Descrição de chapéu Perspectivas

Reprodução de imagens e visitas online a acervos criam 'museu imaginário'

Tecnologia transforma praticamente todos os setores da cadeia produtiva das artes, diz autor

Daniel Rangel

O escritor e crítico francês André Malraux desenvolveu, em 1947, o conceito de “museu imaginário”, que está relacionado, de certa forma, ao surgimento da fotografia a partir do princípio do século 20, sobretudo a sua capacidade de reproduzir imagens fidedignas de obras de arte.

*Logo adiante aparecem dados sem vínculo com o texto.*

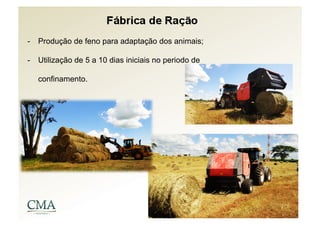 -  Produção de feno para adaptação dos animais;

-  Utilização de 5 a 10 dias iniciais no periodo de

   confinamento.
 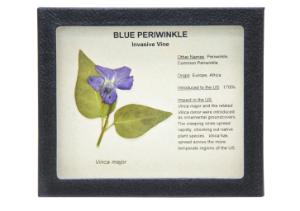 Invasive Species Survey Set, Blue Periwinkle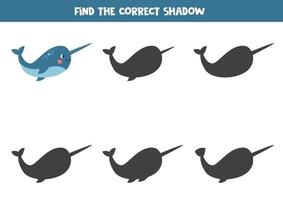 Find the correct shadow of cartoon narwhal. vector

O “museu imaginário” seria composto por estas reproduções imagéticas, incluindo pinturas, esculturas e mesmo obras arquitetônicas, permitindo que se tornassem “conhecidas” por meio das fotografias. Assim, surgiria um museu contido em um ou vários livros de arte, recheados de imagens que representem uma possível história da arte.

Outra perspectiva, mais ampla, abrangeria o repertório imagético de cada pessoa ou de toda a humanidade em relação às figuras da história da arte, de forma geral.

Apesar de visionário, Malraux não teria como imaginar que, em menos de 80 anos, o museu descrito por ele estaria tão facilmente acessível, ao alcance de todos.

A revolução tecnológica da internet vem transformando o meio artístico com velocidade estonteante. Pode-se notar a presença da tecnologia em praticamente todos os setores da cadeia produtiva das artes.

Mostras com temáticas tecnológicas, artistas que usam ferramentas de última geração, exposições virtuais, galerias, leilões e uma infinidade de imagens, textos e referências disponíveis online —enfim, podemos, de nossas casas, ter acesso a quase qualquer obra de arte que se tenha conhecimento a respeito.

A plataforma Google Arts & Culture, antigo Google Art Project, oferece visitas virtuais aos principais museus e galerias do mundo, usando a tecnologia Street View. Pode-se “flanar” por montagens de exposições e ter acesso às imagens das obras, com suas respectivas fichas técnicas e outras informações relevantes sobre seus autores e movimentos.

O MoMa e o Metropolitan, de Nova York, a National Gallery e o Tate Britain, de Londres, o Museu Reina Sofia e o Thyssen, de Madri, o Palácio de Versalhes, nos arredores de Paris, e o Museu Van Gogh, de Amsterdã, são algumas das centenas de instituições internacionais disponíveis para visitação na plataforma online. 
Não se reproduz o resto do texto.